+++ Given material
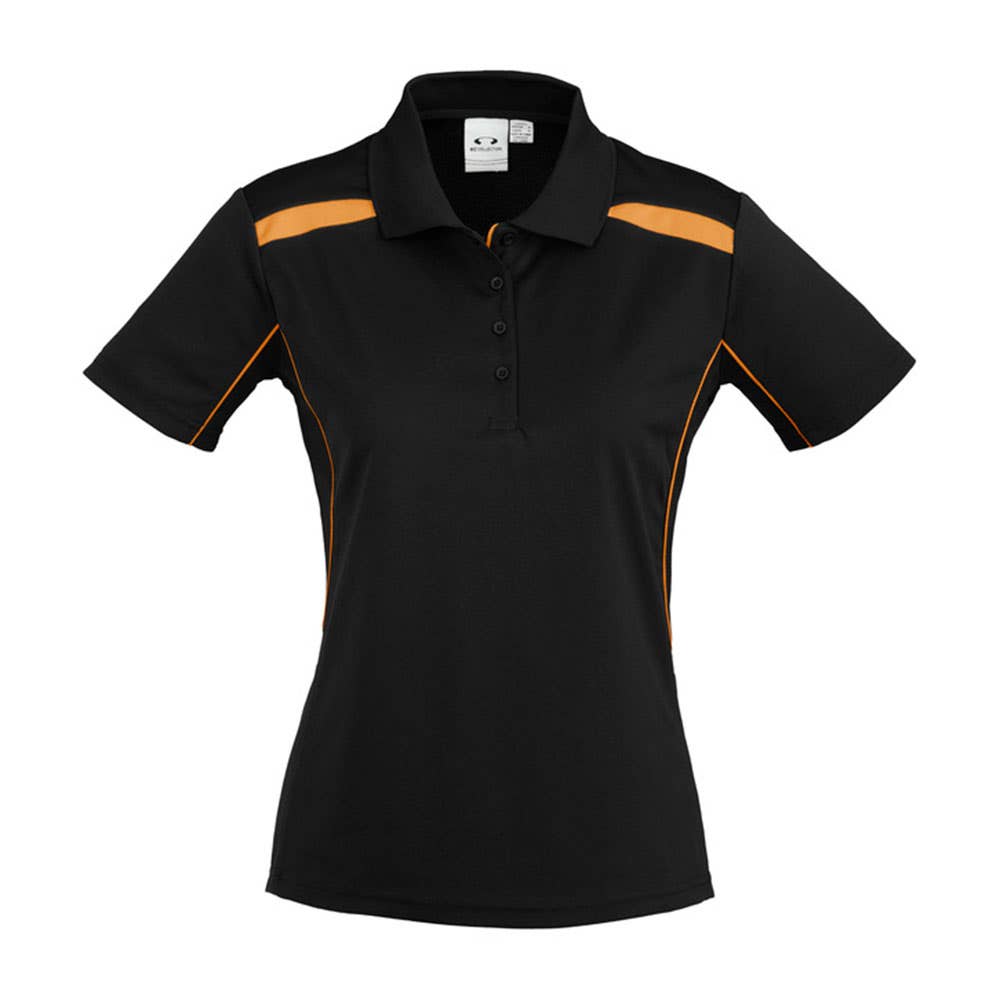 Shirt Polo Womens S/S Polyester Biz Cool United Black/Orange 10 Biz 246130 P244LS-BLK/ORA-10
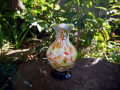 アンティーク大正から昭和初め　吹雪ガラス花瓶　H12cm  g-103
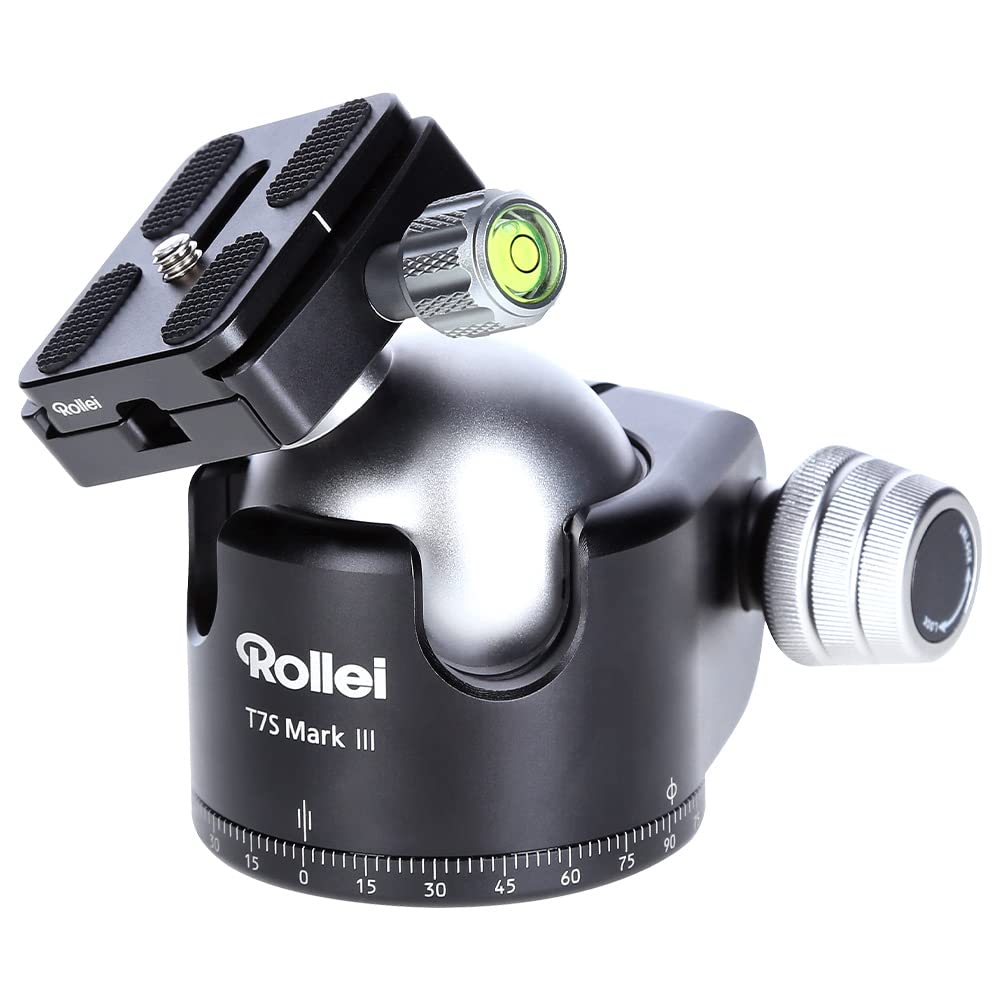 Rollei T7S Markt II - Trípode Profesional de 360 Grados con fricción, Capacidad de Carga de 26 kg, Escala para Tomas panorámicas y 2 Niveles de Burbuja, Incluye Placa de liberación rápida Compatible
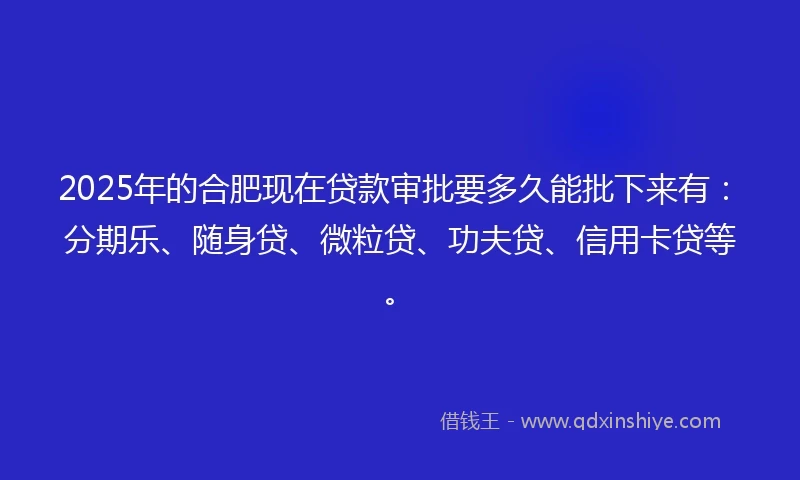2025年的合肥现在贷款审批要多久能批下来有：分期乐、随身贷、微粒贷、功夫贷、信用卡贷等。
++++++
* _Task to carry out_: Print all the lines above again exactly, without any pictures.

* _Solution for this task_:
 Shirt Polo Womens S/S Polyester Biz Cool United Black/Orange 10 Biz 246130 P244LS-BLK/ORA-10
 アンティーク大正から昭和初め　吹雪ガラス花瓶　H12cm  g-103
 Rollei T7S Markt II - Trípode Profesional de 360 Grados con fricción, Capacidad de Carga de 26 kg, Escala para Tomas panorámicas y 2 Niveles de Burbuja, Incluye Placa de liberación rápida Compatible
2025年的合肥现在贷款审批要多久能批下来有：分期乐、随身贷、微粒贷、功夫贷、信用卡贷等。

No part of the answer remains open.